What caught my eye today was another outstanding performance by Taijuan Walker, who is really starting to open up some eyes. It was nearly a year ago that the Mariners used their first pick of the 2010 draft (No. 43 overall) on Walker, who hadn’t even turned 18 yet. The selection raised some eyebrows, but Walker, known more in high school for his basketball playing than his baseball skills, is really coming on.

On Tuesday, pitching for Class A Clinton LumberKings in a 4-3 win, Walker worked 7 2/3 innings against Fort Wayne. He didn’t allow any runs on three hits, striking out six and walking one. In his last two starts, Walker has worked 12 2/3 scoreless ininings, allowing just five hits. Over his last four starts, he is 2-0 with a 1.14 ERA (three earned runs in 23 2/3 innings, limiting opponents to a .173 average in that span, with 27 strikeouts and six walks. Walker has held right-handed hitters to a .148 average (9-for-61) this year, compared to .340 (17-for-50) vs. lefties. Overall, Walker is 2-2 with a 3.00 ERA in six starts, but he really seems to be finding his groove.

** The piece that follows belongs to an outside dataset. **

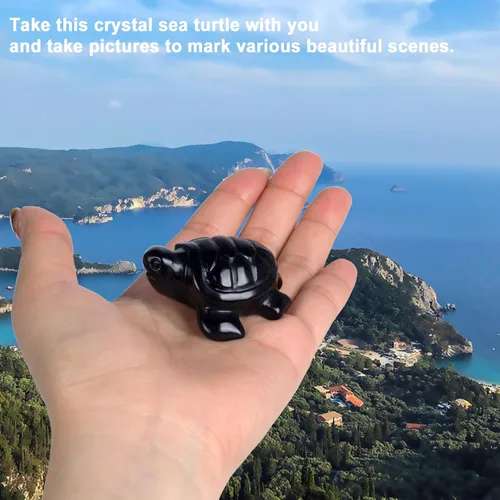 Vista 4 de Figuras de tortuga marina de viaje de cristal, tortuga de obsidiana negra, regalos de viaje para mujeres, hombres y viajeros, dije de buena suerte
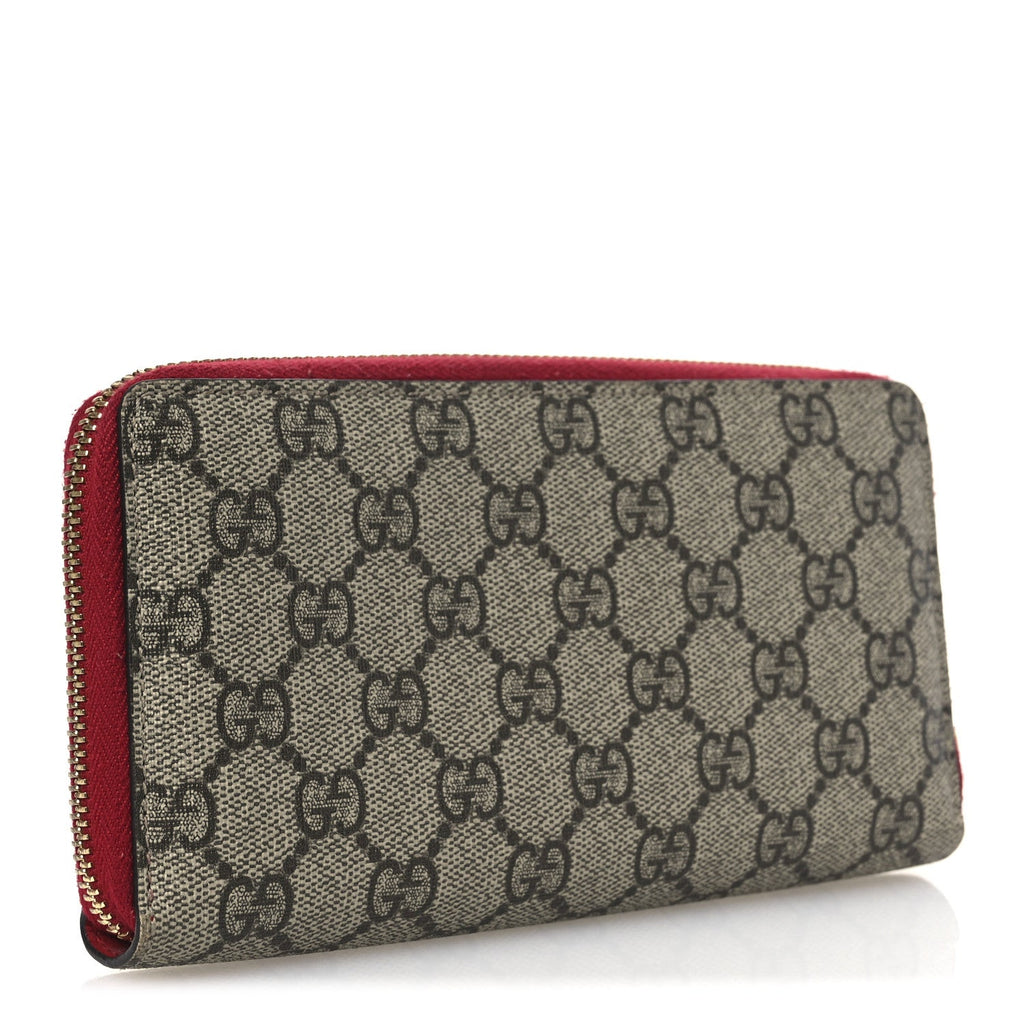 GG Supreme Monogram Bosco Patch Zip Around Wallet Beige Malva Hibiscus Red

Clinton is just 15-38, stymied by a weak offense (3.3 runs per game), but Mariners farm director Pedro Grifol is excited by their rotation.

“Every day we have someone throwing in the mid-90s, all age 19 to 22,” he said, referring to Walker, James Paxton, Forrest Snow, George Mieses and Brandon Mauer (recently moved up to High Desert). Walker has powerful stuff. They’re not winning games, but it’s not about winning games. You’re looking at five guys improving every day out.”

One other name Grifol threw out was 18-year-old right-hander Jose Campos, who was named the top right-handed pitcher last year in the Venezuelan Summer League. He has been kept in extended spring training because of tendinitis, but “he’s upwards of 95 to 100 (mph),” Grifol said. The plan is for Campos to eventually pitch in Clinton, too.